Clorinda’s beauty. Oh, man, Clorinda’s beauty. Like Cedric’s incredible handsomeness in Little Lord Fauntleroy, Clorinda’s beauty gets described every other page. I don’t even think I’m exaggerating. And in both books it gets so repetitive, I kept hoping Cedric or Clorinda would fall off horses and break their noses or do something to mar their looks, but nooo. And doubtless they would have been beautiful with broken noses, anyway.

(And then a bunch of other stuff happens to Clorinda: her childhood is actually rather a small part of the book. It’s a very odd book, perhaps especially for a Victorian book, although I don’t think a standard modern heroine could get away with some of the things Clorinda does. At any rate, I can’t remember the last book I read that presented the heroine beating a horse into submission as a sign of her own high spirit and willpower.)

What I’m Reading Now

Les Miz, for the foreseeable future. Javert and Valjean are playing cat and mouse through the streets of Paris.
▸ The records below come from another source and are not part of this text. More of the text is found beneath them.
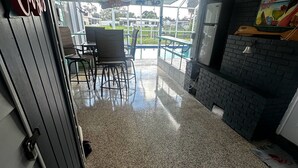 A spacious indoor area with a terrazzo floor, a ceiling fan, and a view of a swimming pool. - TROPICAL WATERFRONT/POOL  BEACH, BOAT🛥 HOME BY VENICE SIESTA KEYS BEACH PETS OK (Port Charlotte)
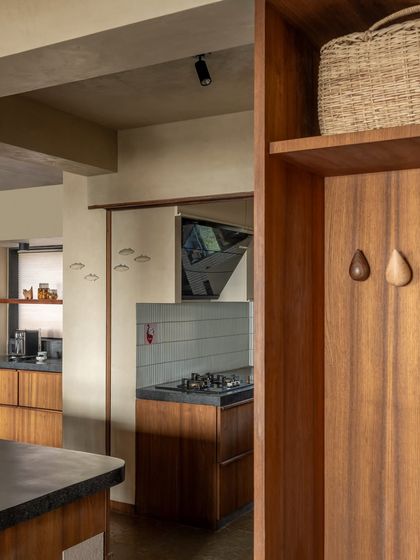 Small details, like these wooden drop-shaped hooks, add a touch of playful functionality. The kitchen is filled with these thoughtful elements that make everyday life a little more beautiful.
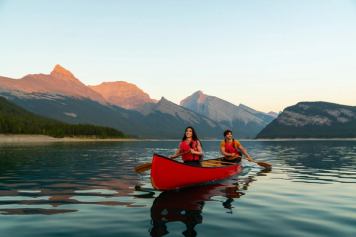 Two people canoe across a lake in the mountains as the final lights hits the Canadian Rockies behind them.
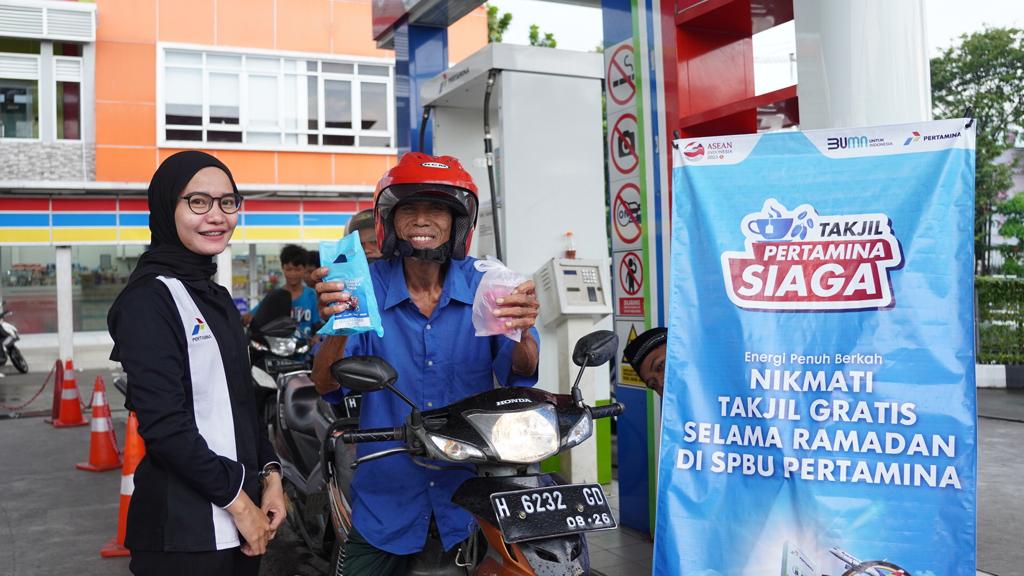 Seorang warga yang tengah mengisi BBM mendapatkan takjil dari Pertamina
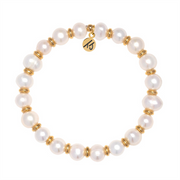 The Gold Empowered Elegance Collection- Pearl Gemstone Bracelet by T Jazelle features round white pearls with gold rings and a gold charm inscribed with "Empower.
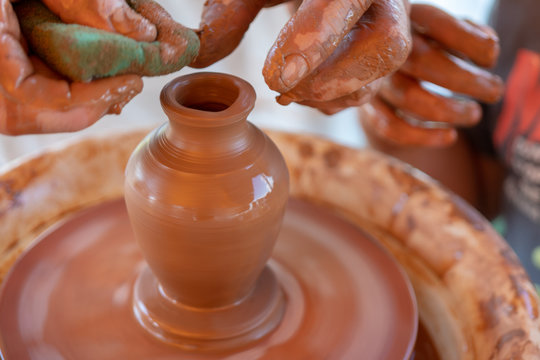 The master's hands make a pot on the potter's wheel.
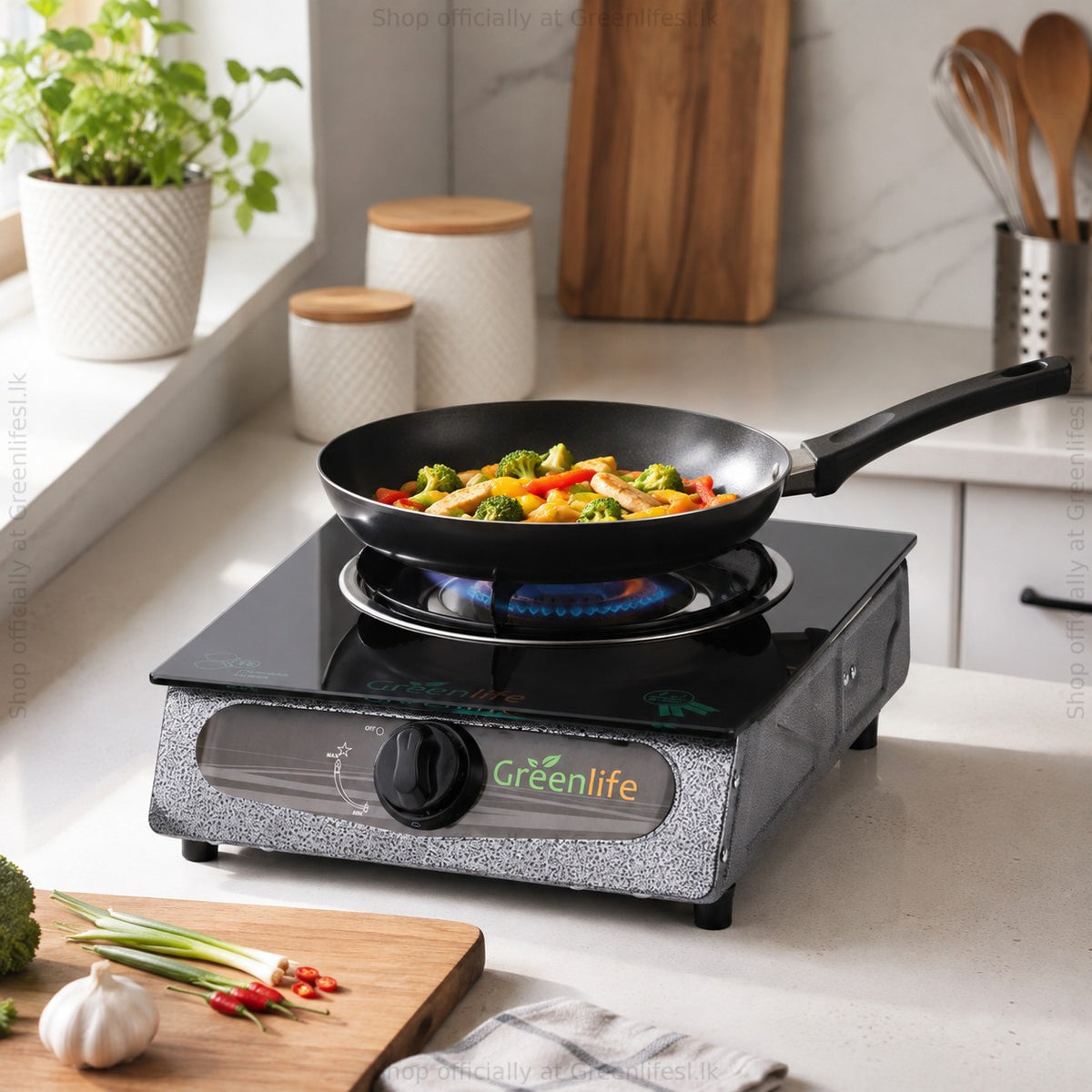 Green Life single burner glass top gas stove cooking stir-fried vegetables in a home kitchen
Also also, I’m reading Maria Cummins’ The Lamplighter, which is a sentimentalist bestseller from the 1850s about a little girl named Gertie, who lives a terrible and squalid life, unloved by anyone, until she is taken in by the lamplighter - who is named, with one of those wonderful mid-century novel names, Trueman Flint. He is from New England. His name is the most New English of names.

What I Plan to Read Next

I have been thinking that as this summer I am taking French class, I should make this a Summer of French: French class, French classics (all the Hugo! more Zola!), French movies, and of course French desserts.

I need to decide which Zola novels to read, because he wrote approximately five zillion. Does anyone have Zola opinions?
osprey_archer: (Firefly)
One of the few things I like about Mal is his relationship with Kaylee. He has a sort of older-brotherly or perhaps fatherly air toward her, in a gentle, caring, not-at-all-overbearing way. The scene in Jaynestown where Kaylee and Simon are hitting it off in the bar and Mal is all, "It's time to go!" Priceless.

Kaylee: But things are going well! (Significant Look at Simon. He's just told her that she's pretty, in his awkward Simon way. )

Mal: Oh. I...will leave you here to...look after Jayne, then?

Kaylee: (nodnodnod)

Of course, I think it says something about Mal that he is only capable of forming this relationship with the one person on his crew who not only would never question his authority, but views him with the trusting awe usually reserved for small children toward their parents: there's an earlier episode where Kaylee is all, "Cap'n said he'd take care of it," and it's clear that in her mind, when Mal has said he will do something, God himself could not stop him.

I think this child-like quality is both part of the reason I like Kaylee so much, and part of the reason that I have reservations about her relationship with Simon. Although oddly it does not bother me with regard to Kaylee/Inara. Possibly because Kaylee is never like, "INARA, your fancy-schmancy ways make me feel inadequate/feel like you think I'm inadequate, and therefore YOU SHOULD CHANGE."

Whereas this is one of the keynotes of her conversations with Simon. I feel like "I want you to change a lot!" is never a good starting point for a relationship.

Of course, Inara doesn't give the impression that she thinks she's better than other people, whereas Simon is so awkward that he totally gives that impression, even when he doesn't actually think that. (And I bet he does sometimes feel better than other people, although probably not better than Kaylee in particular.)

...And most of the rest of the episode is about Jayne. I must confess, I have never particularly cared about Jayne. In show, I find it baffling that Mal didn't think he needed to find his crew a tank who will actually be loyal.

On a more meta level, I find it exasperating that the show keeps flirting with the idea that Jayne will totes betray them, even though it is clear that the gods of the narrative will never allow Jayne to successfully betray anyone (and no one seems to hold his attempts against him, either). The show wants to have the frisson of danger that a possibly traitorous character can give, without actually dealing with the fact that this would be massively disruptive for ship camaraderie.